### DATA SHOWN
*** Begin section ***

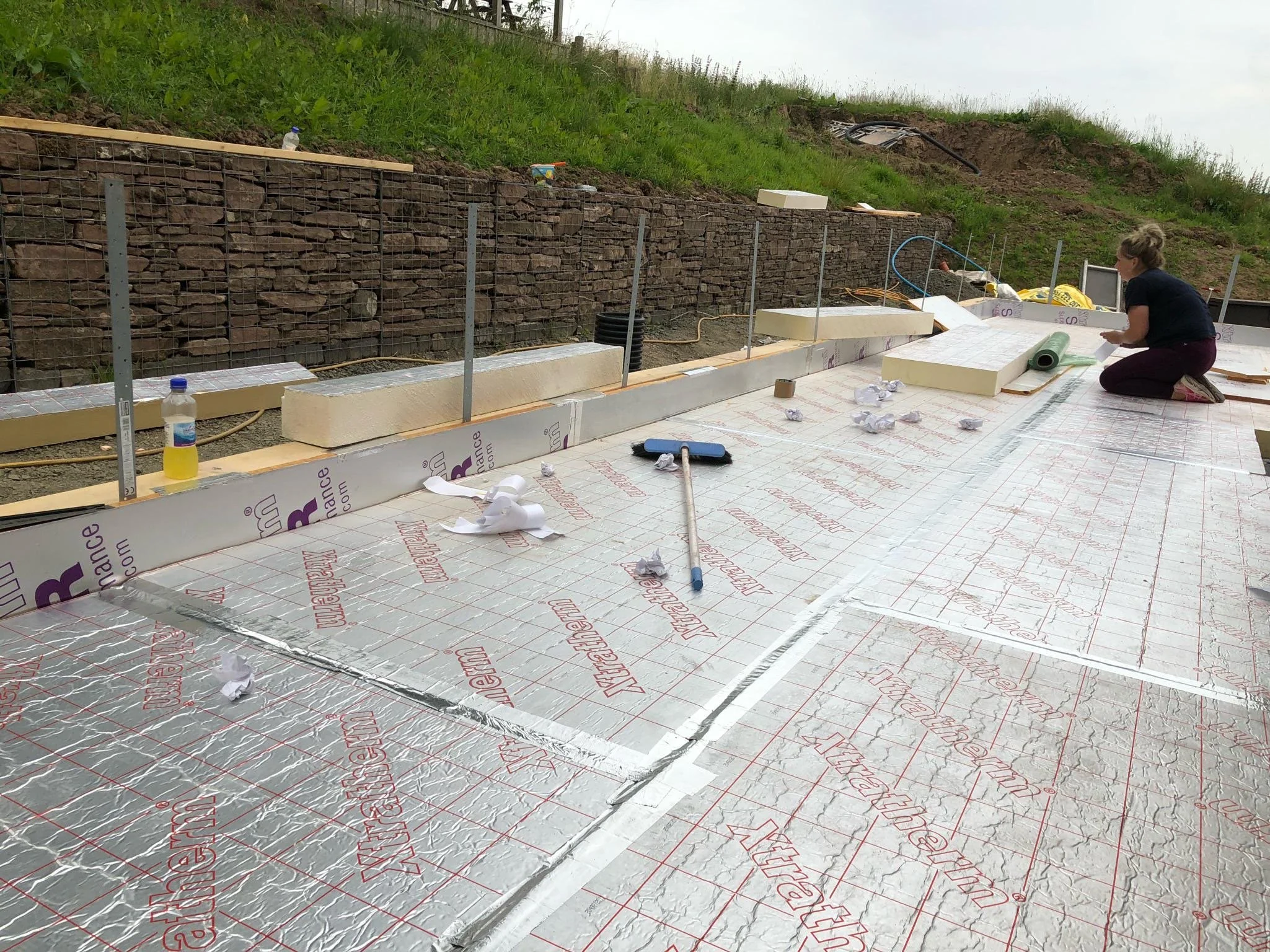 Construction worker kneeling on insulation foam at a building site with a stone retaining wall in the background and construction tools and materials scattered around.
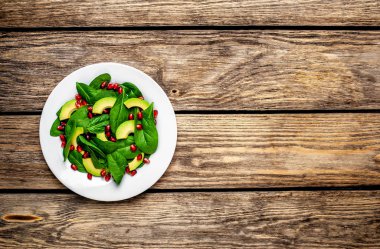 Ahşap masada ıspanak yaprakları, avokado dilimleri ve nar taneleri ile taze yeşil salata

*** End section ***
*** Begin section ***

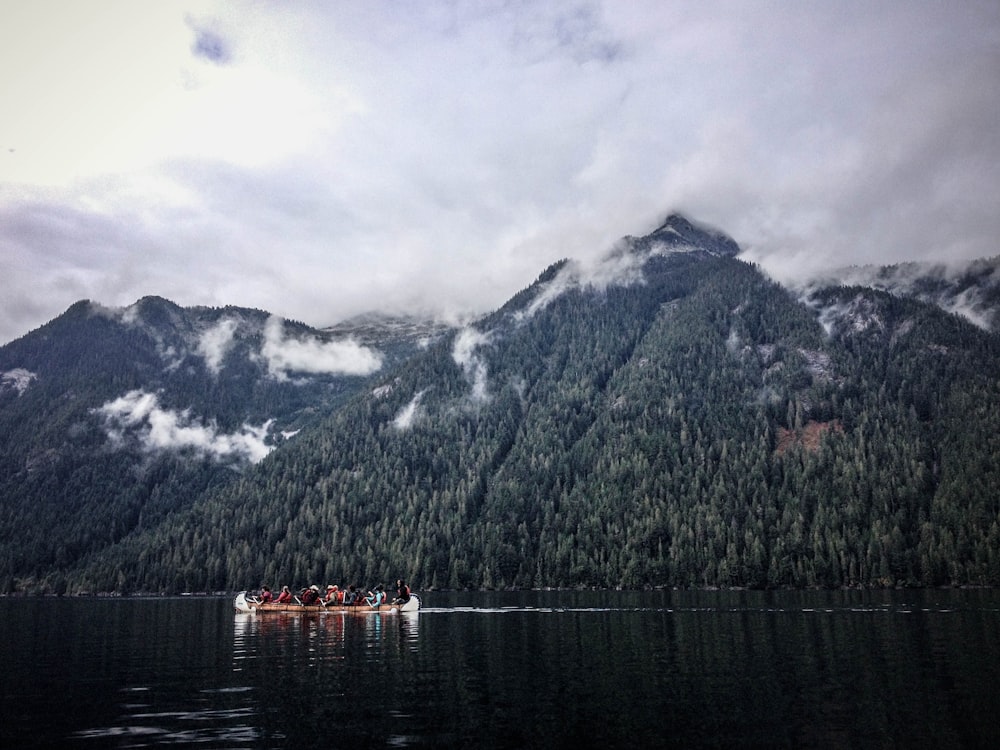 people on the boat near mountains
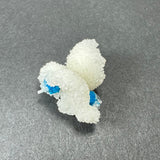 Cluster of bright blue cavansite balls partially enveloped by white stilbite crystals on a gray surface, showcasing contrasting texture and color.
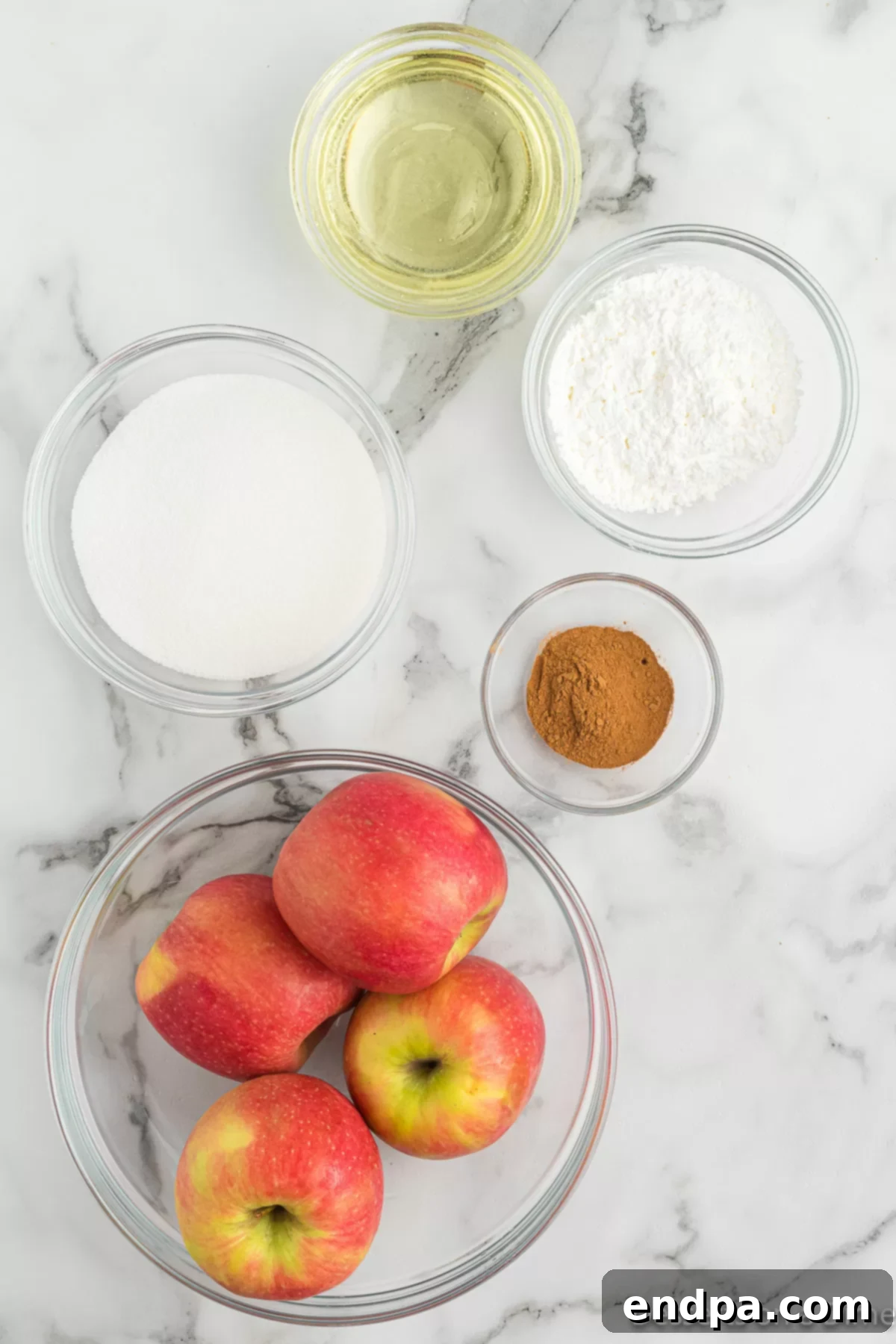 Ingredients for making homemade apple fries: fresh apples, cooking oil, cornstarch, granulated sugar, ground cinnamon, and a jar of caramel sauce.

*** End section ***

### WHAT THE EXERCISE ASKS
Among the entries above, copy exactly the stretch from the line holding "people on the boat near mountains" through the line holding "Ingredients for making", leaving out any pictures.

### WRITTEN RESPONSE
 people on the boat near mountains
 Cluster of bright blue cavansite balls partially enveloped by white stilbite crystals on a gray surface, showcasing contrasting texture and color.
 Ingredients for making homemade apple fries: fresh apples, cooking oil, cornstarch, granulated sugar, ground cinnamon, and a jar of caramel sauce.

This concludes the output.